Para 6(3) would always have applied where the creditor and debtor company were connected before the purchase of the bad debt.
Example: term loan
Where the loan still has a period left to run (a term loan) the creditor company accrued the discount over the remaining period of the loan.
GR plc was the long-term parent of XM Ltd, a struggling company that owed the bank £120,000 to be repaid in 3 years. The bank, knowing that it was unlikely to recover the debt, agreed to assign the loan to GR plc for payment of £60,000.
At the end of Year 2, GR plc estimated that £30,000 would be recoverable, and made a provision of £30,000. On redemption, at the end of Year 3, XM Ltd paid £25,000 in full and final settlement of the debt.
Under the authorised accruals basis, GR plc had to assume that the loan of £120,000 would be paid in full. The purchase discount of £60,000 would have been brought in over the remaining 3 years of the loan. Assume for convenience it used a straight line method.
Because GR plc accepted an amount in full and final settlement, it was no longer party to the loan relationship.
|Year||GR plc accounts||Tax||Explanation|
|1||No debits or credits||Cr £20,000||Accrued purchase discount for the AP, the difference between the nominal value of the loan and the price paid|
|2||Dr £30,000||Dr nil (Para 6(3))|
|Cr £20,000||No bad debt relief.|
|Accrued purchase discount for Year 2.|
|3||Dr £5,000||Dr nil (Para 6(6))|
|Cr 20,000||Para 6(6) applied to compare the amounts accrued on disposal with the amounts accrued had there been no disposal. The higher of these two amounts, £20,000, was brought in, in the case of credits, and the lower, nil, in the case of debits.|
Example: demand loan
If the loan is due to be repaid now, perhaps because the repayment date has passed (demand loan), the creditor company must bring the purchase discount into account immediately.

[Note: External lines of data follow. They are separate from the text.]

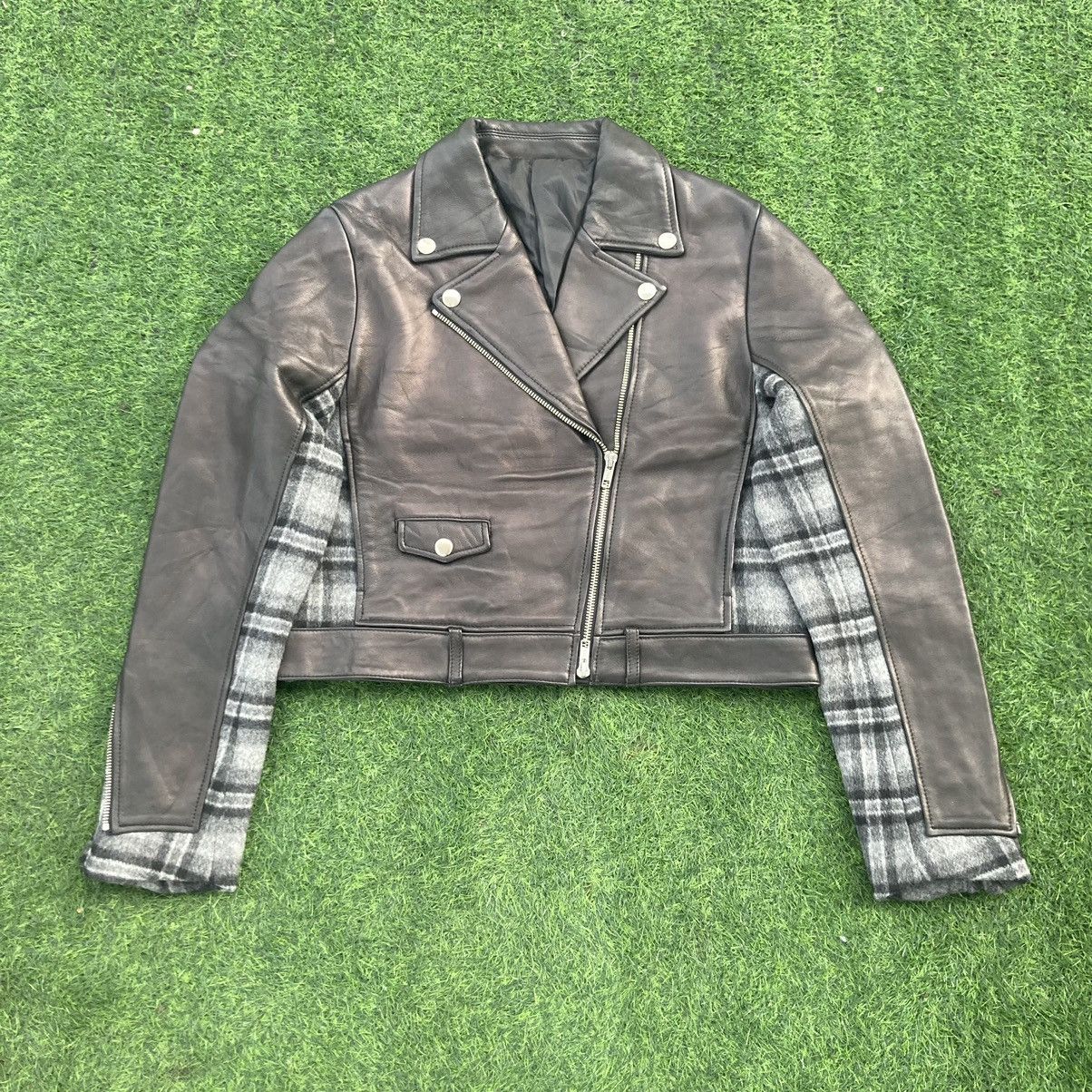 image of Unbranded Double Collar Jacket in Black, Men's (Size XS)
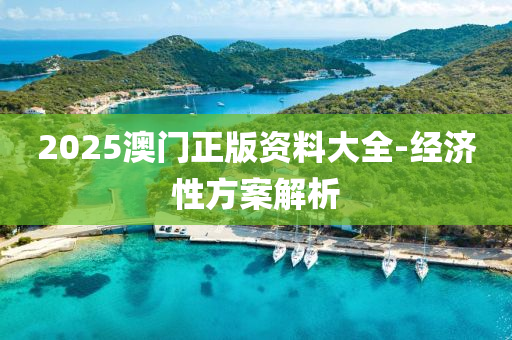 2025澳门正版资料大全-经济性方案解析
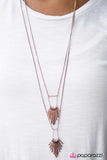 Paparazzi "Like It OAR Not - Copper" necklace Paparazzi Jewelry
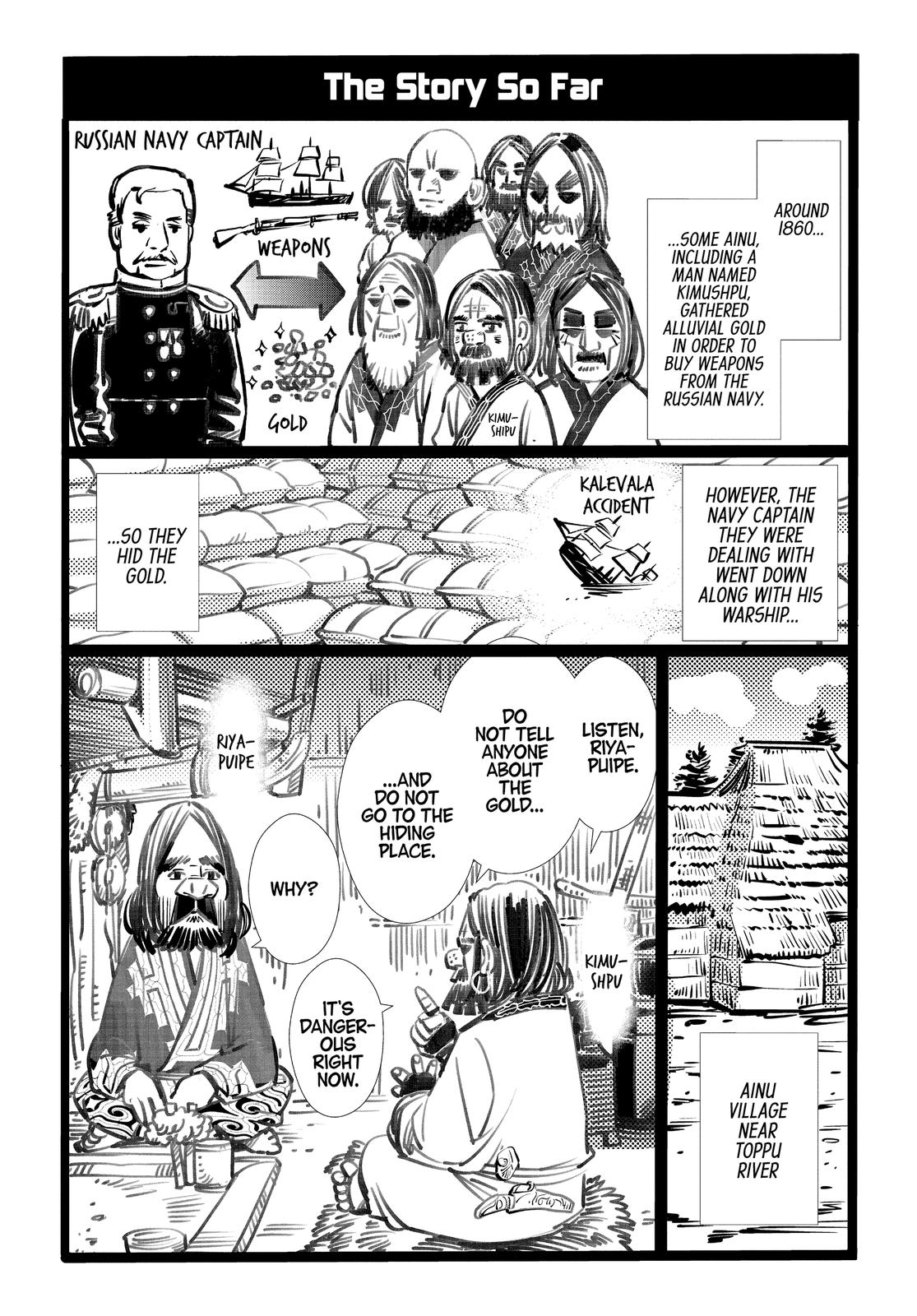Read Golden Kamuy Manga Online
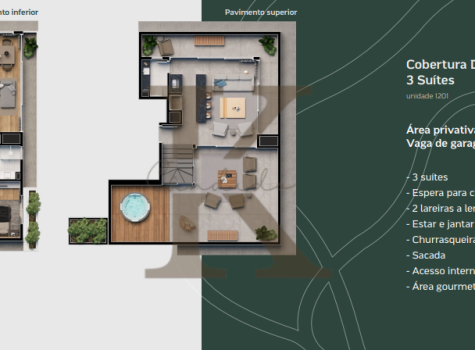 ARBO apartamentos no centro de gravataí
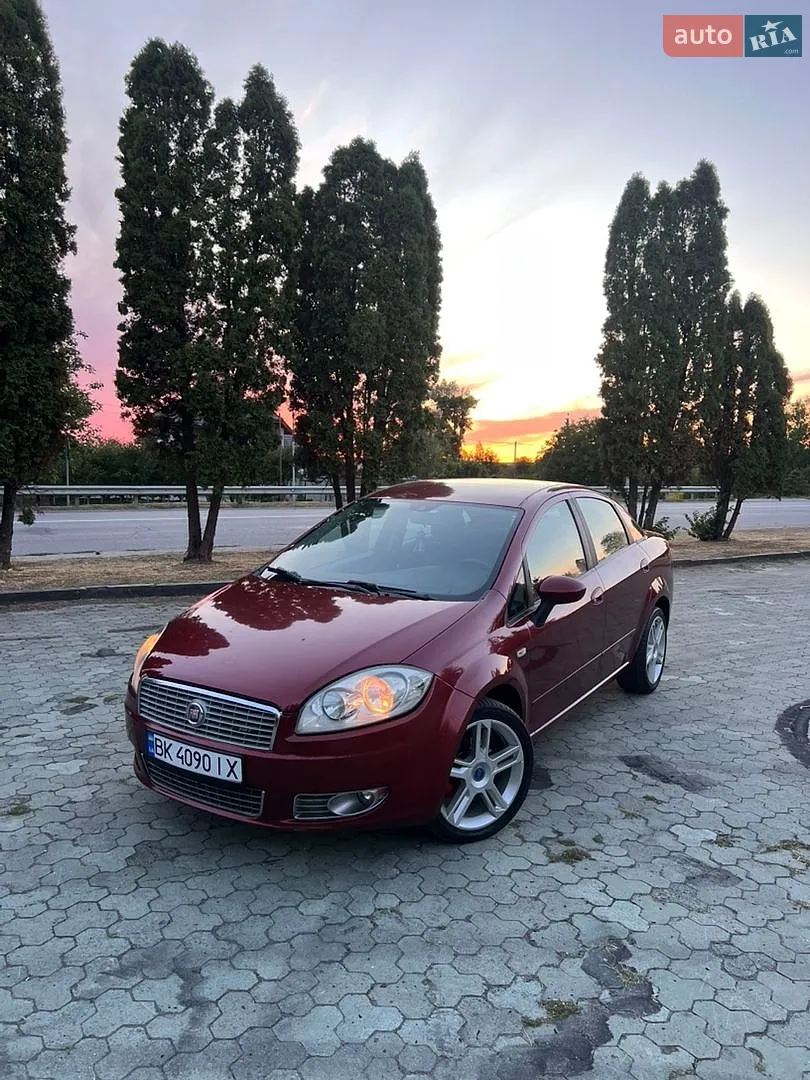 Fiat Linea, 2008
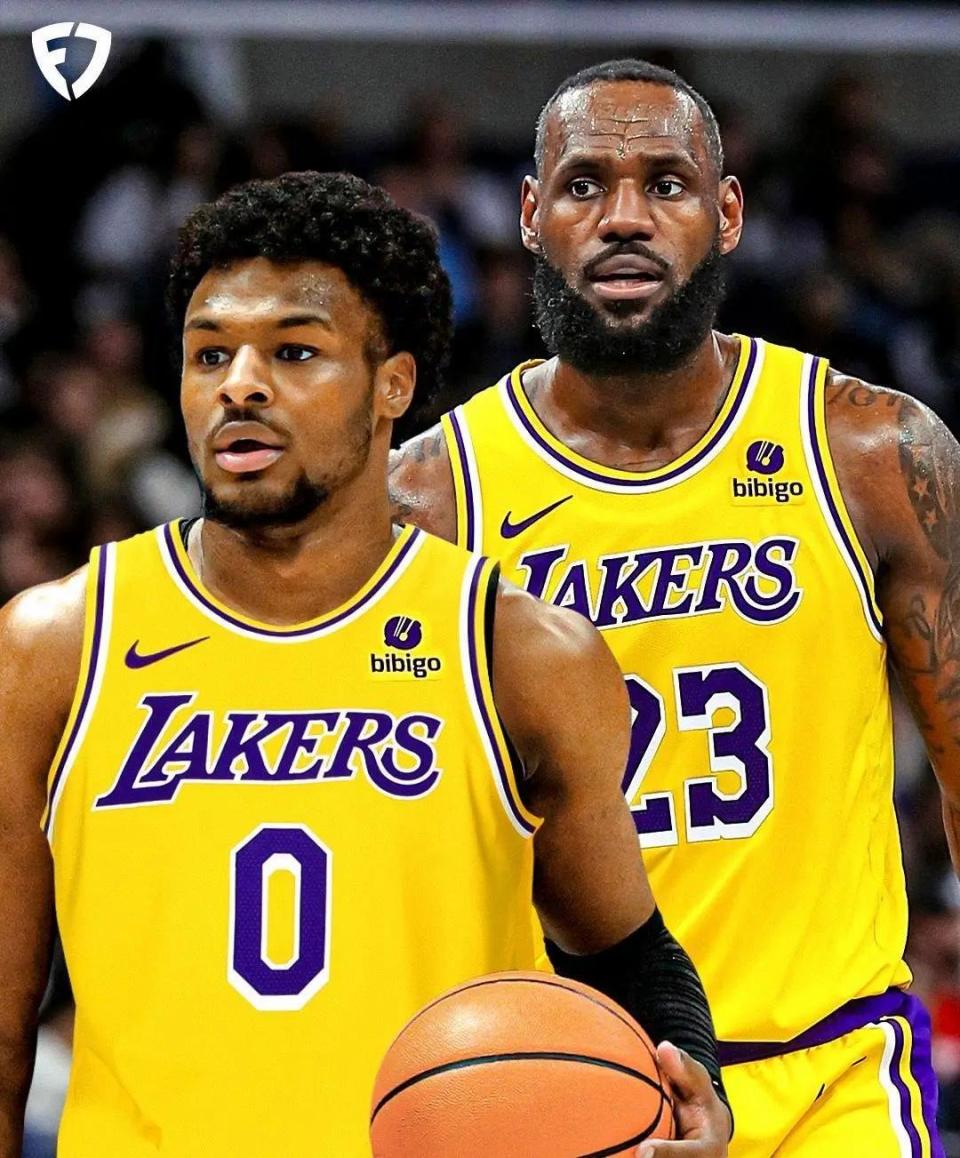 nba湖人队最新消息，nba湖人队最新消息父子同台？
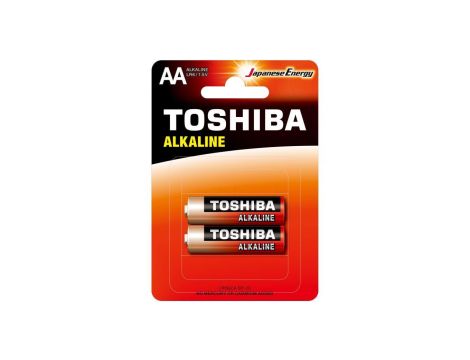 Bateria alkaliczna LR6 / AA 1,5V RED ALKALINE /2szt./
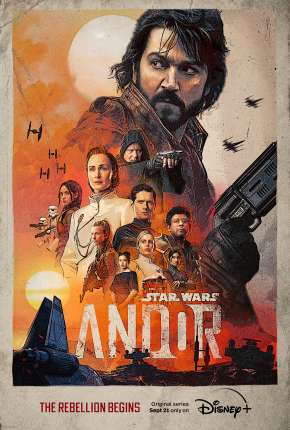 Star Wars - Andor - 1ª Temporada Torrent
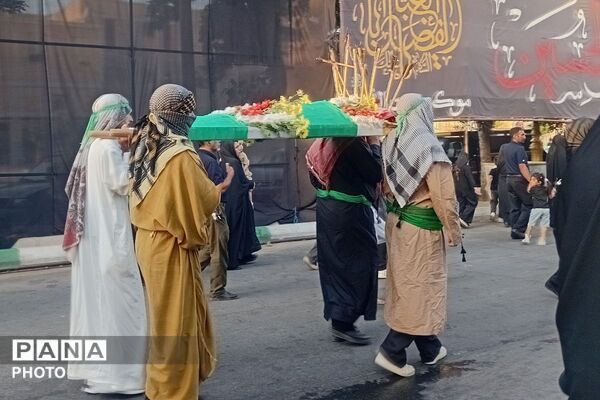 تجدید پیمان با عاشورا در آیین باشکوه بنی‌اسد پیشوا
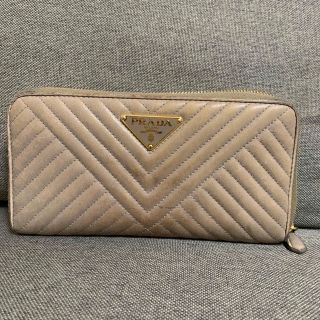 プラダ(PRADA)の(箱付き)長財布　PRADA 羊レザー(長財布)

GR plc is the long-term parent of XM Ltd, a struggling company that owed the bank £120,000, which should have been repaid 2 months ago. The bank, knowing that it was unlikely to recover the debt, assigned the loan to GR Ltd for £60,000. In Year 2 GR Ltd formally waived the loan.
|1||No debits or credits||Cr £60,000||Under the authorised accruals basis, GR Ltd must assume that the loan of £120,000 would be paid in full. The discount of £60,000 was therefore brought in immediately.|
|2||Dr £60,000||Nil||GR plc ceased to be a party to the loan relationship. Para 6(6) applied to compare the amount accrued on disposal with the amount accrued had there been no disposal. The smaller of these two amounts, nil, was brought in.|
When the loan relationship was finally repaid, redeemed, written off or otherwise disposed of, para 6(6) applied to adjust the amount brought in on disposal. This is covered at CFM81150.